Government Reviews Newborn SMA Screening Programme
The Government has confirmed it is actively considering the implementation of universal screening for spinal muscular atrophy (SMA) across all newborn babies in England. This potential policy shift represents a significant development in public health strategy and follows sustained campaigning by The Mirror newspaper and affected families.
Health Secretary Announces Evaluation Review
Health Secretary Wes Streeting has revealed that he has formally requested his departmental team to examine whether the planned NHS pilot programme for SMA screening could be expanded in both scope and timing. The current proposal involves screening approximately two-thirds of newborns while excluding around 163,000 infants annually to serve as a control group for comparative analysis.
"I have asked my team to look at whether this evaluation can start sooner, and whether it can be expanded to involve all babies, rather than two thirds as currently planned," Mr Streeting stated. He emphasised his commitment to reporting back to the SMA community regarding these considerations.
Campaign Momentum and Celebrity Advocacy
The potential policy reconsideration follows a meeting between Mr Streeting and former Little Mix singer Jesy Nelson, whose twin babies have been diagnosed with the most severe Type 1 form of SMA. Mr Streeting acknowledged that "Jesy and other campaigners have made a powerful case for doing more on screening."
The Mirror has been campaigning since 2021 for universal SMA screening, highlighting how early detection combined with available treatments can prevent disability and save lives. The newspaper's coverage has included interviews with families directly affected by the condition and reports on groundbreaking treatments now available through the NHS.
Current Screening Controversy and International Context
The existing NHS pilot plan has faced criticism from medical experts and charities who describe the exclusion of one-third of babies from screening as "unethical". SMA UK and other advocates argue that sufficient international evidence already exists demonstrating that newborn screening saves both lives and healthcare resources.
Most developed nations, including the United States and much of Europe, already incorporate SMA testing into their routine newborn screening programmes. Meanwhile, NHS Scotland has decided to proceed with adding SMA to their routine heel prick test beginning this spring, creating a disparity in screening provision across the United Kingdom.
Medical Background and Available Treatments
Spinal muscular atrophy is a genetic condition caused by a fault in the SMN1 gene, which produces a protein essential for maintaining nerve cells that transmit signals between the brain and muscles. Without this protein, motor neurons die off, leading to progressive muscle wasting, particularly affecting the legs, chest, and arms.

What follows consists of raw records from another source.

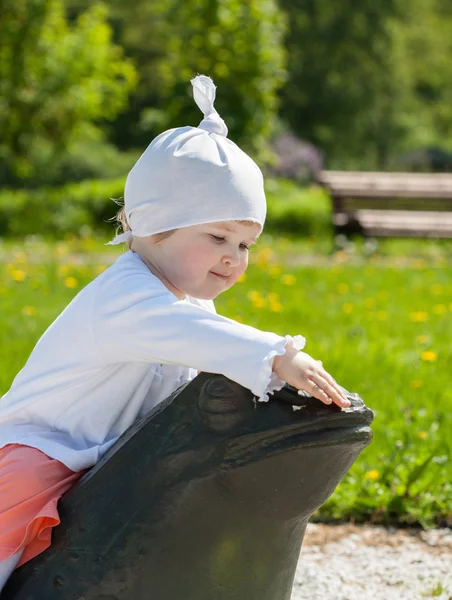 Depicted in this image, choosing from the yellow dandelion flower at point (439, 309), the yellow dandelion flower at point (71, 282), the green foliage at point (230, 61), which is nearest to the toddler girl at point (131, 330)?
the yellow dandelion flower at point (439, 309)

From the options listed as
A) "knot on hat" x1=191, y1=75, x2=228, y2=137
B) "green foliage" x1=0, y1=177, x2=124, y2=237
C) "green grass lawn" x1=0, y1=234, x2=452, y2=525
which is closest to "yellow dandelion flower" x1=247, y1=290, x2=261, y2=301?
→ "green grass lawn" x1=0, y1=234, x2=452, y2=525

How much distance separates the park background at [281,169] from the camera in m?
4.99

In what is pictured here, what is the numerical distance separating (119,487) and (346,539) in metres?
1.86

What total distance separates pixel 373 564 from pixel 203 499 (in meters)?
1.72

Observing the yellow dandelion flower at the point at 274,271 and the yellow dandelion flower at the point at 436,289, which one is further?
the yellow dandelion flower at the point at 274,271

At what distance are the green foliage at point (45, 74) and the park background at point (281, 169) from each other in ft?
0.11

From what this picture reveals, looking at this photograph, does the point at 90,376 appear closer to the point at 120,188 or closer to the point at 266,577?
the point at 266,577

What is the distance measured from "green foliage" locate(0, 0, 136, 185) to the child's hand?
15.2 m

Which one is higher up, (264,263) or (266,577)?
(266,577)

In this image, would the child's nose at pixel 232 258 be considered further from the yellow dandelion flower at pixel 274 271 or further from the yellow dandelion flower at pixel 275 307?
the yellow dandelion flower at pixel 274 271

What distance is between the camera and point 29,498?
2291mm

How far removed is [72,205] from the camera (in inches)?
591

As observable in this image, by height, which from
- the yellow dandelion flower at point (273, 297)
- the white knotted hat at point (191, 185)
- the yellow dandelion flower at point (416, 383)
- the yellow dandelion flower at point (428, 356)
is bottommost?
the yellow dandelion flower at point (273, 297)

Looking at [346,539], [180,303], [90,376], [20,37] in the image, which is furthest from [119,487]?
[20,37]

Since 2019, three major treatments have become available on the NHS that can effectively prevent the condition's progression if administered from birth:
- Gene therapies that correct the faulty SMN1 gene
- Treatments that provide replacement proteins to maintain muscle function
- The groundbreaking Zolgensma injection that delivers healthy gene copies to the brain
Despite these medical advances, the UK National Screening Committee has maintained its 2018 decision against immediate nationwide rollout of the £5 blood test that could detect SMA at birth.
Timeline Concerns and Human Impact
Under current proposals, full national screening implementation is not anticipated until 2031. This extended timeline has raised serious concerns, particularly as at least 16 children born with SMA since 2019 have died in the UK. The delay means that babies born in Wales and Northern Ireland will not receive screening under existing plans.
Mr Streeting offered some reassurance to affected families, stating: "I hope families can feel reassured that progress is being made on this, with more treatments available for spinal muscular atrophy than ever before – we want to see more children with SMA not just surviving but thriving."
The Government's reconsideration of universal newborn SMA screening represents a potentially transformative development in child healthcare policy, balancing evidence-based medicine with ethical considerations about equitable access to life-changing interventions.